The projects will be marked out of 40, with each point being worth 1% of your grade. The following criteria will be taken into account when marking: 1. Clarity/Relevance of problem statement and description of approach. 2. Discussion of relationship to previous work and references. 3. Design and execution of experiments. 4. Figures/Tables/Writing: easily readable, properly labeled, informative.

Friendly Advice

  • Be selective! Don't choose a project that has nothing to do with machine learning. Don't investigate an algorithm that is clearly doomed to failure or un-implementable. Don't attack a problem that is irrelevant, ill-defined or unsolvable.
  • Be honest! You are not being marked on how good the results are. It doesn't matter one bit if your method is better or worse than the ones you compare to.

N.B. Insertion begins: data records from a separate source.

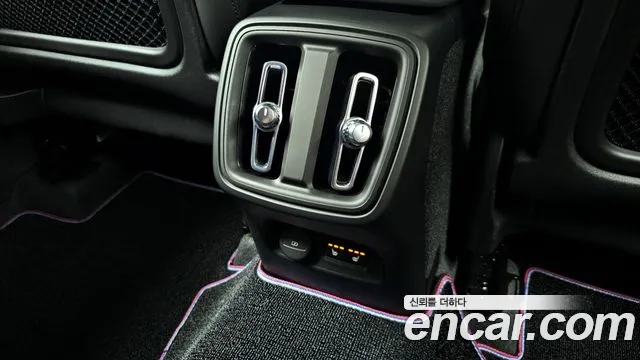 Вольво XC40 B4 Black Edition — Фото автомобиля 18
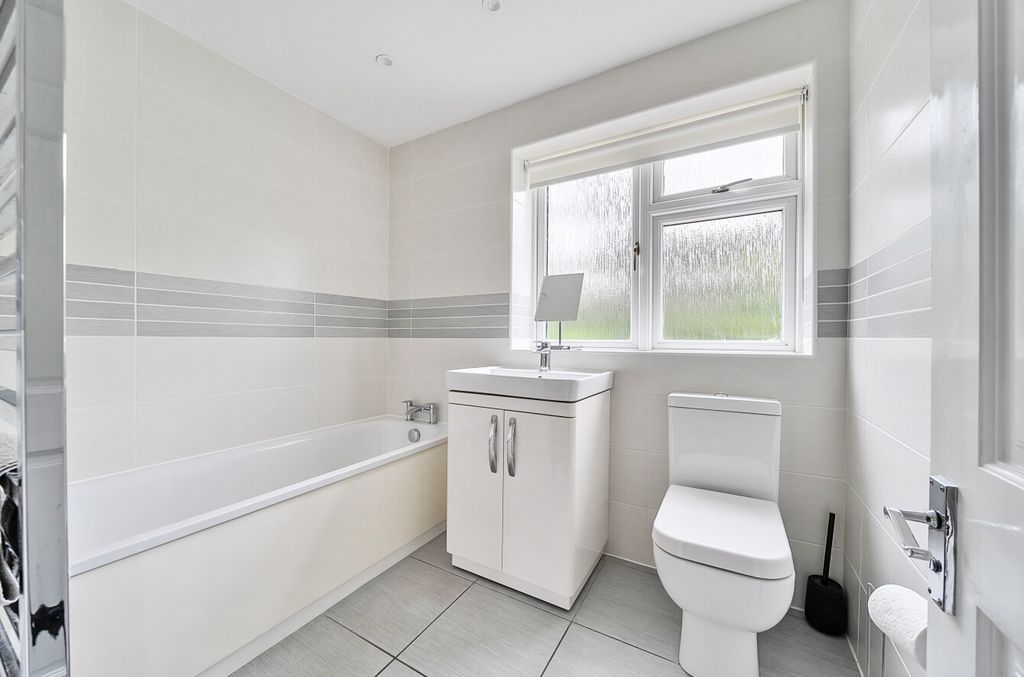 Additional image 23 of 4 bed detached house for saleOakley Road, Bromley Common, Kent BR2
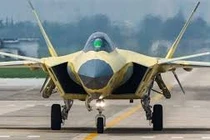Trung Quốc ra mắt buồng lái tiêm kích tàng hình J-20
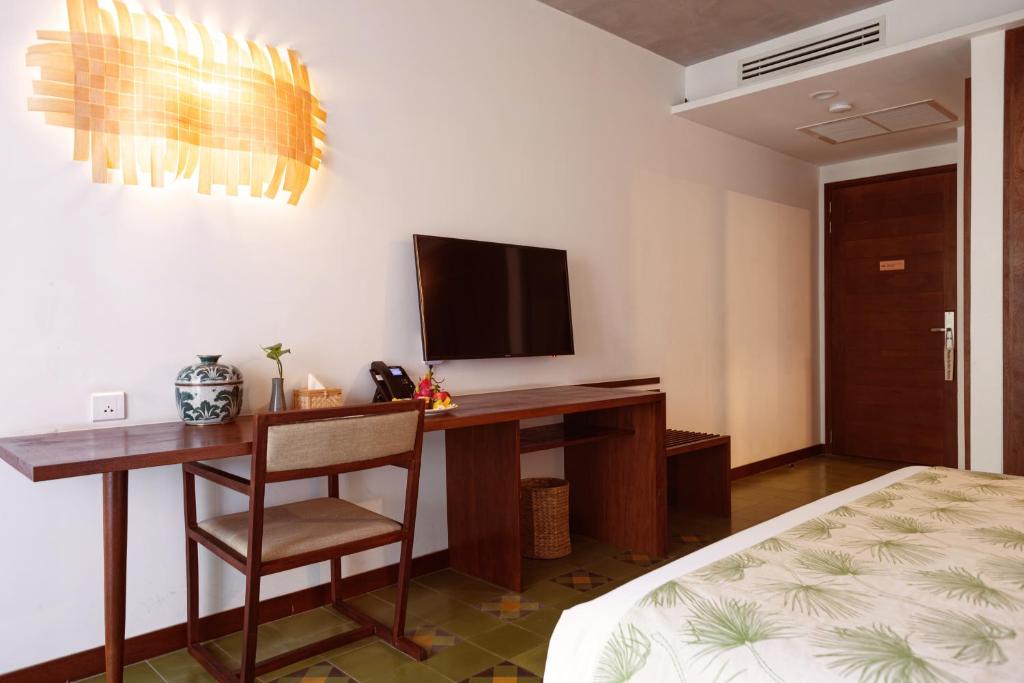 Shared lounge/TV area
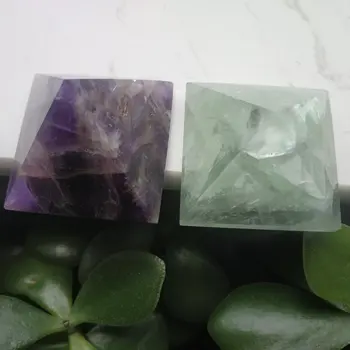 

2 pcs Natural crystal pyramid amethyst pyramid and green fluorite pyramids healing stome home decoration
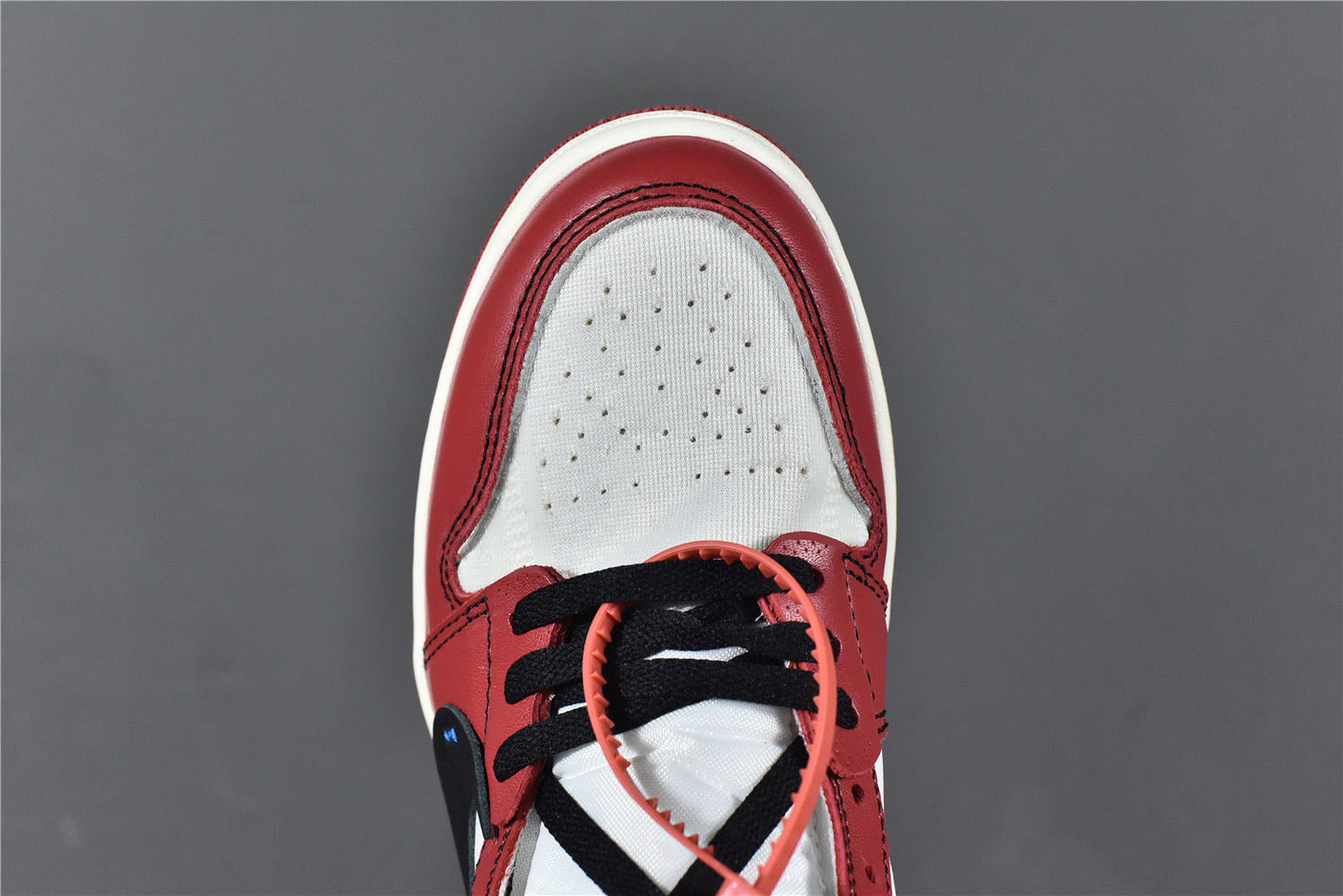 OW x AJ 1 Retro High OG ‘Chicago’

What matters is that you try something sensible, clearly describe the problem, your method, what you did, and what the results were.
  • Be modest! Don't pick a project that is way too hard. Usually, if you select the simplest thing you can think of to try, and do it carefully, it will take much longer than you think.
  • Be careful! Don't do foolish things like test on your training data, set parameters by cheating, compare unfairly against other methods, include plots with unlabeled axes, use undefined symbols in equations, etc. Do sensible cross-checks like running your algorithms several times, leaving out small parts of your data, adding a few noisy points, etc. to make sure everything still works reasonably well. Make lots of pictures along the way.
  • Learn! The point of the project is to give you a chance to "test drive" the process of writing a paper, which many of you have never done, in a low-stress setting, away from the pressures of your thesis and conference deadlines. Consider this an opportunity to learn how to write code to run large experiments, make nice figures, layout readable equations, describe your work concisely to a smart but uninitiated reader, etc.
  • Have fun! If you pick something you think is cool, that will make getting it to work less painful and writing up your results less boring.